[Haskell] Exceptions in types and exception-free programming

Thu Jun 24 22:03:44 EDT 2004

S. Alexander Jacobson wrote:
> 	Also, is there a way to get the typesystem to
> 	tell you which functions may fail i.e. which
> 	functions have failMsg as an implicit parameter?

Generally speaking, that is not that easy. If we have a functional
composition (foo . bar), we wish its type to reflect the _union_ of
exceptions that can be raised in 'foo' and in 'bar'. Union types are
hard to get. That's why in Ocaml, for example, exceptions aren't the
part of a function signature.

The good news is that we already have union types in Haskell -- to a
large extent. To an extent enough to put exceptions into the
types. The following are two approaches. They aren't perfect -- but
that's a start. A better way however is to statically assure that no
exception can occur. That is possible to achieve in Haskell today --
and improve efficiency of the code in the process due to elimination
of run-time checks. The end of the message gives an example.

The first approach applies only to polymorphic functions. Also we have
to watch for monomorphic restriction (but we all know that).

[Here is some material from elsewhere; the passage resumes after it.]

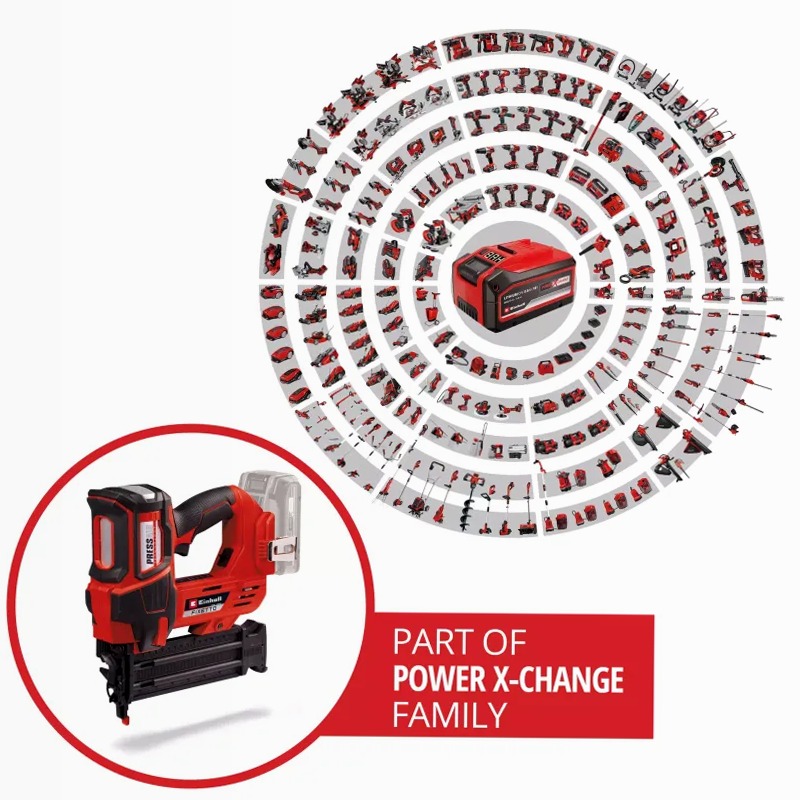 Einhell Graffettatrice a batteria FIXETTO 18/50 N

And it
also works in GHC only, because GHC is lazy when it comes to
constraint resolution (which is a good thing, IMHO).

> {-# OPTIONS -fglasgow-exts #-}
> {-# OPTIONS -fallow-undecidable-instances #-}
>
> module TER where
>
> class CERROR a c where
>     darn:: a -> c-> String -> b
>
> instance Show a => CERROR a c where
>     darn label _ msg = error $ "Error: " ++ (show label) ++ " " ++ msg
>   
>
> data EHead = EHead deriving Show
> data ETail = ETail deriving Show
> data EJust = EJust deriving Show
>
> myhead x@([]) = darn EHead x "head of an empty list"
> myhead (x:_) = x
>
> mytail x@([]) = darn ETail x "tail of an empty list"
> mytail (_:xs) = xs

Now, if we ask GHCi for the type of myhead, we get

	*TER> :t myhead
	myhead :: forall a. (CERROR EHead [a]) => [a] -> a

As we can see, the exception is apparent right in the function type.
We can define

> ht x = myhead $ mytail $ mytail x

	*TER> :t ht
	ht :: forall a. (CERROR ETail [a], CERROR EHead [a]) => [a] -> a

We can see that we indeed have a union of exceptions that can be
raised in different sub-expressions of ht.

A more involved example:

> myjust (Just a) = a
> myjust x = darn EJust x "Just nothing"
>
> foo x = myjust $ myhead $ mytail $ myjust x

*TER> :t foo
foo :: forall b.
       (CERROR EJust (Maybe [Maybe b]),
	CERROR ETail [Maybe b],
	CERROR EHead [Maybe b],
	CERROR EJust (Maybe b)) =>
       Maybe [Maybe b] -> b
*TER> foo (Just [Nothing,Just 2])
2
*TER> foo (Just [Nothing])
*** Exception: Error: EHead head of an empty list

The second method involves the use of implicit parameters. It works
both in GHC and in Hugs, and can work with monomorphic functions
too. But is has some other drawback (although that depends on the
point of view)

> idarn _ msg = error msg
>
> myhead1 [] = idarn ?e_head "head of an empty list"
> myhead1 (x:_) = x
>
> mytail1 x@([]) = idarn ?e_tail "tail of an empty list"
> mytail1 (_:xs) = xs
>
> ht1 x = myhead1 $ mytail1 $ mytail1 x

If we check for the type of ht1 (e.g., in Hugs), we get

	TER> :t ht1
	ht1 :: (?e_tail :: a, ?e_head :: b) => [c] -> c

That is, ht1 can fail because it tries to get either the head or the
tail of an empty list. Again, we get the true _union_ of exceptions.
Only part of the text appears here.